Intel whips out quad-core Surface-like tablet, runs Android
Chip giant shows off a sleek, fast tablet sporting its quad-core Bay Trail chip during a Computex keynote.
Intel doesn't make tablets, but maybe it should.
At a Computex keynote speech Monday, the company showed a decidedly thin, Microsoft Surface-like tablet packing a quad-core Bay Trail processor.
Bay Trail is Intel's redesigned Atom chip, offering performance that gets a lot closer to the chipmaker's mainstream laptop processors than the Atom of old.
"Four cores, out-of-order execution, HD 4000 graphics...all day battery life," Intel said during the demonstration.
The reference design tablet is made by BYD Electronic (International), according to an Intel spokesperson. BYD also makes HP's Slate 7 Android tablet.
The demo guy showed tablets running both Android and Windows 8 games.
On Android, he demoed the game Candy Rush, while on a Windows 8 tablet he ran Steam's Torchlight II.

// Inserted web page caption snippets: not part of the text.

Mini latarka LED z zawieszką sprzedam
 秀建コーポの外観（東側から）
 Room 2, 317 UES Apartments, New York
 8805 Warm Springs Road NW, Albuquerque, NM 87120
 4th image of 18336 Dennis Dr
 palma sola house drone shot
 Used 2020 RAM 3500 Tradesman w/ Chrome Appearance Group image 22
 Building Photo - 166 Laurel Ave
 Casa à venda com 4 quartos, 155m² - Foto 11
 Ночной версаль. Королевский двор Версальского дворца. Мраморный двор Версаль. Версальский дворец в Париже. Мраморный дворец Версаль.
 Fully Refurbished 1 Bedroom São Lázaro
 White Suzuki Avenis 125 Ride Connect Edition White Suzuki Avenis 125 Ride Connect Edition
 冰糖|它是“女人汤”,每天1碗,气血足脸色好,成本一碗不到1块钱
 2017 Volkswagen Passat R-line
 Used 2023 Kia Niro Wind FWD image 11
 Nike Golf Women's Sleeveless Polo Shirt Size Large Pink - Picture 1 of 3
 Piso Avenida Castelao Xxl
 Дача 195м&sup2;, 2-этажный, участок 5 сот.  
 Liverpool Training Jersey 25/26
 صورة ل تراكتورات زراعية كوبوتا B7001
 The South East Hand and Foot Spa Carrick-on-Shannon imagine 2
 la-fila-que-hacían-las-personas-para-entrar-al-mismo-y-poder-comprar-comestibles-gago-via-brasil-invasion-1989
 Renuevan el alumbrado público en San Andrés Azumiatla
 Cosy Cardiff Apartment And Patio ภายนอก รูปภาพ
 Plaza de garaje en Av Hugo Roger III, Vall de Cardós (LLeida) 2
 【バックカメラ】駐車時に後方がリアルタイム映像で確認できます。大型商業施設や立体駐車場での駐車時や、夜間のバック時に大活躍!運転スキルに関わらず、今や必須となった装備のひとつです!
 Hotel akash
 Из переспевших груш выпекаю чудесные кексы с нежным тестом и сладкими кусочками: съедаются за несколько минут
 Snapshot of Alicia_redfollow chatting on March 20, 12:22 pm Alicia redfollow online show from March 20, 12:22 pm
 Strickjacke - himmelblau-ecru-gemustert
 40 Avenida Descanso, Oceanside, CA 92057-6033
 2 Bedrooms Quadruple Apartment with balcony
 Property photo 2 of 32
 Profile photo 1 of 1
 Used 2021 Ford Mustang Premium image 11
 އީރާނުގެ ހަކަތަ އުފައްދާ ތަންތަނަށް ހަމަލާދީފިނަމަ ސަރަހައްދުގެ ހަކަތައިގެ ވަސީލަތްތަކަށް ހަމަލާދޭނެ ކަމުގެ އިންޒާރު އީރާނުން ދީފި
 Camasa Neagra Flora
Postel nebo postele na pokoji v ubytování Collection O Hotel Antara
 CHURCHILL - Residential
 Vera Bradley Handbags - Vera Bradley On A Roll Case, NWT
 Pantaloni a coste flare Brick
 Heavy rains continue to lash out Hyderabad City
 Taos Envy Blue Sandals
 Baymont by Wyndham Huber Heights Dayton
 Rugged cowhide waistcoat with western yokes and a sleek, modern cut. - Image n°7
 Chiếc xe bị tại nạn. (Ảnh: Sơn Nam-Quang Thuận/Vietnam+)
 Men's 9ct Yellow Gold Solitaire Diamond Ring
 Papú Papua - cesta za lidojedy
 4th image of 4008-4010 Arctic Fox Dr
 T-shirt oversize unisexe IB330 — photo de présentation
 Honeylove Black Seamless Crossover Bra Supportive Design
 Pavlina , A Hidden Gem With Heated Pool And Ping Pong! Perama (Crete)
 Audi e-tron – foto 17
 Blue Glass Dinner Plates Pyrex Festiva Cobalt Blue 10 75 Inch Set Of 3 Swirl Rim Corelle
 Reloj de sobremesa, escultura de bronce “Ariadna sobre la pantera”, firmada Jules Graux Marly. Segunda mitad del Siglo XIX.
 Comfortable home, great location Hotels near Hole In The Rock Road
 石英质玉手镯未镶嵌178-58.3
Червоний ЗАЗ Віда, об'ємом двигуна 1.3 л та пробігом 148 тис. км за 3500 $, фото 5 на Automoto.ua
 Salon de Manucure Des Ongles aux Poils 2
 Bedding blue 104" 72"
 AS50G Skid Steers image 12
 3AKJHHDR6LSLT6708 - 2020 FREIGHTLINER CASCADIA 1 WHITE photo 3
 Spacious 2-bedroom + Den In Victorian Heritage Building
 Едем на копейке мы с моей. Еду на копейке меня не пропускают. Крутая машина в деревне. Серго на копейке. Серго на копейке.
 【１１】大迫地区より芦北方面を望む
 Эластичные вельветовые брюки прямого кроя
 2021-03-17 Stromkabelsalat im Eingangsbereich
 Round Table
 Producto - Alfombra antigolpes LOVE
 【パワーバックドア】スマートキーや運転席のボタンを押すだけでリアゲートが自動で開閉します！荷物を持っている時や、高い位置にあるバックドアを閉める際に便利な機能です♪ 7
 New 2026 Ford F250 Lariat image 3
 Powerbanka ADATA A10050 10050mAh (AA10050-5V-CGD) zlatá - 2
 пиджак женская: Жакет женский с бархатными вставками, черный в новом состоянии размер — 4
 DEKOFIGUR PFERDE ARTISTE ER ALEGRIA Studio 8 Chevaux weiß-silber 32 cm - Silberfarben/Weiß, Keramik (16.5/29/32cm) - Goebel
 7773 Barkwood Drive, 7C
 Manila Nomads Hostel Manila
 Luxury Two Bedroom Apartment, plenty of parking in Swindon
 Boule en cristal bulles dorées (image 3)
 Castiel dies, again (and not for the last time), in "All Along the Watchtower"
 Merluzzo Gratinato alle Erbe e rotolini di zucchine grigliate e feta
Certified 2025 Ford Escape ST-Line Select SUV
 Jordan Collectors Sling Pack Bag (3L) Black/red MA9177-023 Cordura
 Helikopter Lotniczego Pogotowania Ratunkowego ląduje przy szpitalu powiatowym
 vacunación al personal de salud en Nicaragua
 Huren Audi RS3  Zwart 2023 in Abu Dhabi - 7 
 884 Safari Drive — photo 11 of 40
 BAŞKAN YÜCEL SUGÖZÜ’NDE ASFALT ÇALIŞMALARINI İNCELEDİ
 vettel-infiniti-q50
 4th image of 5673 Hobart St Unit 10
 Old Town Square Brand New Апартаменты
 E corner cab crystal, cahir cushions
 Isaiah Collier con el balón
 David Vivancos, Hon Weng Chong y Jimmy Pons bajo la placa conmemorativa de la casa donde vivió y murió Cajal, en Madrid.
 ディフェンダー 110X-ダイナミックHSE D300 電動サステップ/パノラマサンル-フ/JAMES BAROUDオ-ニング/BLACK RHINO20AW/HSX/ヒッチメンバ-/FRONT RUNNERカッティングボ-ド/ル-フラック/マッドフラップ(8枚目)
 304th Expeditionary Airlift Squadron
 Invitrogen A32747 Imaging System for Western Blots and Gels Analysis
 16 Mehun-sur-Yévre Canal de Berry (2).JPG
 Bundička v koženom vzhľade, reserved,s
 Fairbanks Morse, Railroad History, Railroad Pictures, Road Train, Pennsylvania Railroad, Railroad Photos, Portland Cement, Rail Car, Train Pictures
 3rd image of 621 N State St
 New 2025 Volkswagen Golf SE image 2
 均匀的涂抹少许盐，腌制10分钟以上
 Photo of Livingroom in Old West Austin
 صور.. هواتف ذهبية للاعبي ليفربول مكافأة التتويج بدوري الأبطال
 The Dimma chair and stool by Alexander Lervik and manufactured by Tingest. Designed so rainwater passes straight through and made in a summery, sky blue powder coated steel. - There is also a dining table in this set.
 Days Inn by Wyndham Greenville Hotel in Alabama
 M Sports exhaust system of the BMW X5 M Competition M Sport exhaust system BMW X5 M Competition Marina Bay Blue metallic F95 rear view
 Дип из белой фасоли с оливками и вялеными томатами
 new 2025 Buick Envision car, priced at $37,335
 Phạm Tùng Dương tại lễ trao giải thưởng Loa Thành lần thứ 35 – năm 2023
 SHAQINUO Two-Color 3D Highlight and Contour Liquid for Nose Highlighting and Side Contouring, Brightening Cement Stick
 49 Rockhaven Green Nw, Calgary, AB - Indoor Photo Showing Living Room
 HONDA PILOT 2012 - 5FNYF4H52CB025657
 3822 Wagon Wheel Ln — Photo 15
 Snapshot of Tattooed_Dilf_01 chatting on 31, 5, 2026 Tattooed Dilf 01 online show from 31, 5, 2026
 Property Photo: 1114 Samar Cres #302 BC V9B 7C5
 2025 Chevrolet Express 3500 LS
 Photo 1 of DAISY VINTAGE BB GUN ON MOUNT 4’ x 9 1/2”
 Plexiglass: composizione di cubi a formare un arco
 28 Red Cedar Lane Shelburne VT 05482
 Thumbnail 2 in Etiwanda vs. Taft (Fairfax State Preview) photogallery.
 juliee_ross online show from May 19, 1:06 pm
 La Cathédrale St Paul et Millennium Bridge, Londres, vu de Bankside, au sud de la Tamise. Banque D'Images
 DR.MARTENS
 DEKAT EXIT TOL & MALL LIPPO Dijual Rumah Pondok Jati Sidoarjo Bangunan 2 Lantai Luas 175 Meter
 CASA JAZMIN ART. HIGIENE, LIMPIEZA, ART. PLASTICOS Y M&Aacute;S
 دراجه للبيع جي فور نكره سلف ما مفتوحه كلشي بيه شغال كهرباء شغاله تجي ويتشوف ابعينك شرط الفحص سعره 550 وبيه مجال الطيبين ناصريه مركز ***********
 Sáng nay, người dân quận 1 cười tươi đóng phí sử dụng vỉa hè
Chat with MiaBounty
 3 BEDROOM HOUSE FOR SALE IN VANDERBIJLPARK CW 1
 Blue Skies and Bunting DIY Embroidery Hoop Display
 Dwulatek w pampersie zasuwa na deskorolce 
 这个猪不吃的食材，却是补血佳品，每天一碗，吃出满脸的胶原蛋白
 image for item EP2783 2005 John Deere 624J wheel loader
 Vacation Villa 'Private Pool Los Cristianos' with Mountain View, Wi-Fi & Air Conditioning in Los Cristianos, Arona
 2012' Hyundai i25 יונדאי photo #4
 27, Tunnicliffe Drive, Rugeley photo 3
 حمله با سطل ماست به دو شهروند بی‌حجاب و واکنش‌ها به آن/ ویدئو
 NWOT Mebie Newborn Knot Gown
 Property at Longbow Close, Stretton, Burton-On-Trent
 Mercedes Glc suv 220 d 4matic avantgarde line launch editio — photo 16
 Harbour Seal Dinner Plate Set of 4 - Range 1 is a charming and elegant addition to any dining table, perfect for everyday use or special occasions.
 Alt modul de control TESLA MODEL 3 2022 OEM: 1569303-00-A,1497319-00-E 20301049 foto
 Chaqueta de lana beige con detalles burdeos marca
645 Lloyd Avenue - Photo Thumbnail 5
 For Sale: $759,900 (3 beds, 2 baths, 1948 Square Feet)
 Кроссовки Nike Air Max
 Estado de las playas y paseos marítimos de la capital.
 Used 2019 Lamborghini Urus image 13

And speaking of gaming graphics, Intel is expected to announce Wednesday at Computex that the graphics chip inside of Bay Trail offers "3x" (three-fold) the performance of the "Clover Trail" graphics -- the most recent iteration of Atom.
Also of note is Intel's new 4G/LTE chips. Tablets being brandished at Computex also integrate the company's own LTE chips. Not unlike Samsung's Galaxy Tab 3, which uses both an Intel Atom processor and Intel's 4G/LTE silicon.